In the records below, repeat exactly the lines between the line holding "If it's not in First" and the line holding "Buy with confidence", inclusive, and drop the pictures.

### SOURCE DATA
____

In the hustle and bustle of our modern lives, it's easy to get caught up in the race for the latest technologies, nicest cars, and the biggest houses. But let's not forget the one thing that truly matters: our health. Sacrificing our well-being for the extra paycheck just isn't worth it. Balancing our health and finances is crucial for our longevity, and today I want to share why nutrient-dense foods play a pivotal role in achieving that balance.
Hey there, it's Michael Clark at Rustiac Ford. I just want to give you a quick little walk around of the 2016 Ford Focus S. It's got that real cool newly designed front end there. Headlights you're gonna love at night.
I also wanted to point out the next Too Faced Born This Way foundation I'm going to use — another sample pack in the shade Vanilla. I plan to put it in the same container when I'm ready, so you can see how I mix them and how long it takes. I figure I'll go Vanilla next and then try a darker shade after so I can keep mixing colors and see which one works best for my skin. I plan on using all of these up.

____

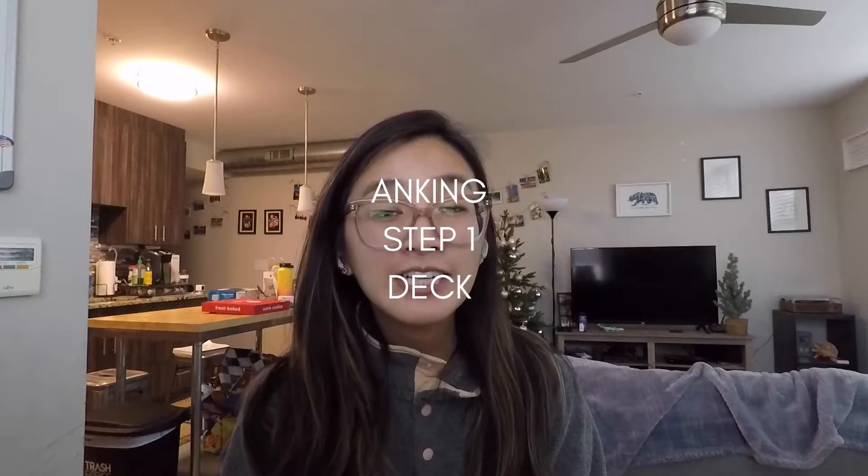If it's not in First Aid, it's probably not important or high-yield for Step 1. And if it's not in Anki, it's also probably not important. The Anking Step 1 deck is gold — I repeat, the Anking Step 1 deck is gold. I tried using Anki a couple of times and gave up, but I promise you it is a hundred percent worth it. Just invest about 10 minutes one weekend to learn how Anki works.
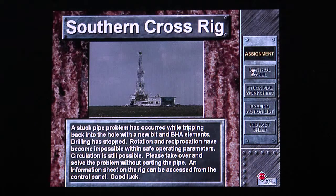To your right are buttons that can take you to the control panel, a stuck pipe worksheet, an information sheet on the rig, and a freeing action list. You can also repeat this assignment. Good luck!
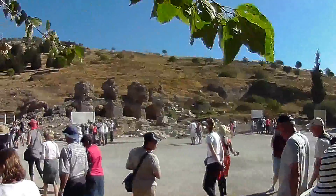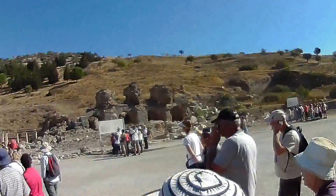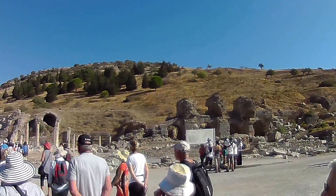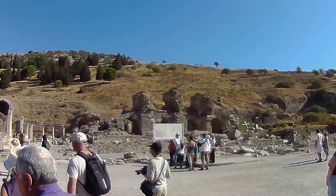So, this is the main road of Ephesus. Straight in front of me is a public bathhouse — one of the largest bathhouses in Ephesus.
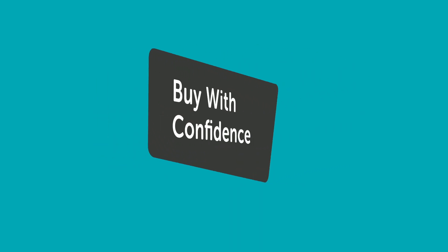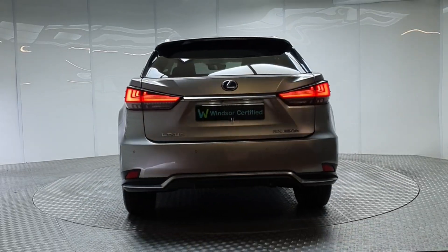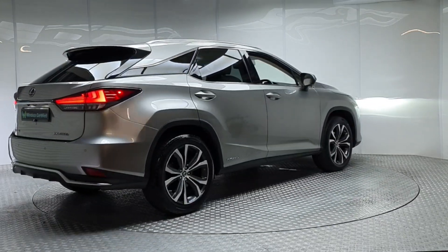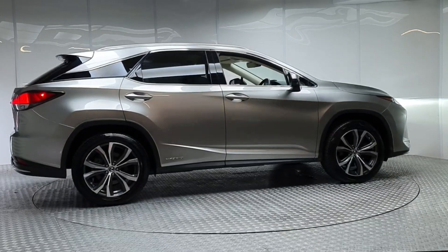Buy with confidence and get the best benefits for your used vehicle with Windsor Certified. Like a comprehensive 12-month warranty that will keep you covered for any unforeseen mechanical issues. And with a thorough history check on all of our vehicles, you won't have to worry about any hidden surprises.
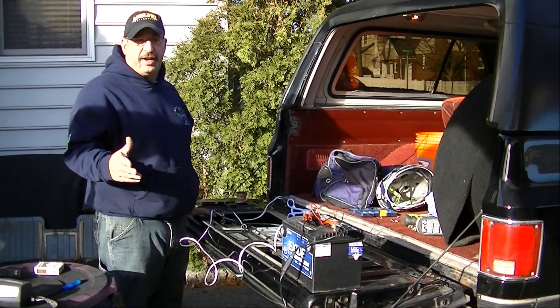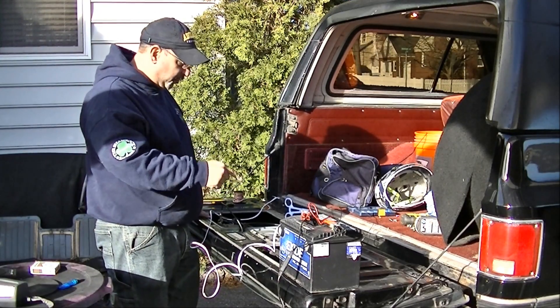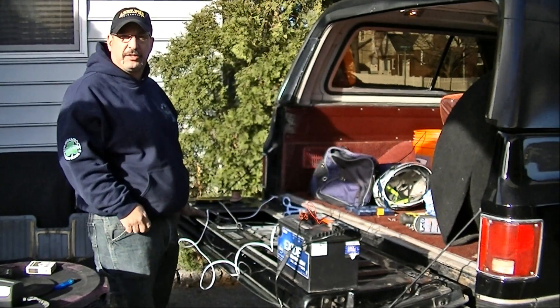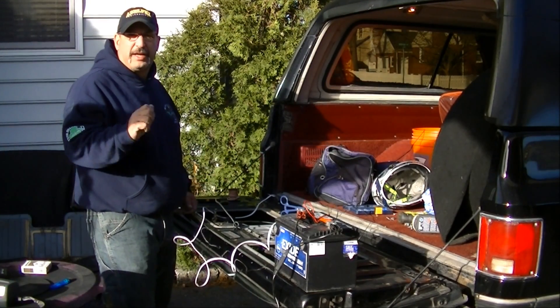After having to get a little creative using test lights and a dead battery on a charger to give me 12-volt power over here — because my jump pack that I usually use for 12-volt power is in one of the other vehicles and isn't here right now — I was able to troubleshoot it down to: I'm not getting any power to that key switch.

____

### TASK RESULT
If it's not in First Aid, it's probably not important or high-yield for Step 1. And if it's not in Anki, it's also probably not important. The Anking Step 1 deck is gold — I repeat, the Anking Step 1 deck is gold. I tried using Anki a couple of times and gave up, but I promise you it is a hundred percent worth it. Just invest about 10 minutes one weekend to learn how Anki works.
To your right are buttons that can take you to the control panel, a stuck pipe worksheet, an information sheet on the rig, and a freeing action list. You can also repeat this assignment. Good luck!
So, this is the main road of Ephesus. Straight in front of me is a public bathhouse — one of the largest bathhouses in Ephesus.
Buy with confidence and get the best benefits for your used vehicle with Windsor Certified. Like a comprehensive 12-month warranty that will keep you covered for any unforeseen mechanical issues. And with a thorough history check on all of our vehicles, you won't have to worry about any hidden surprises.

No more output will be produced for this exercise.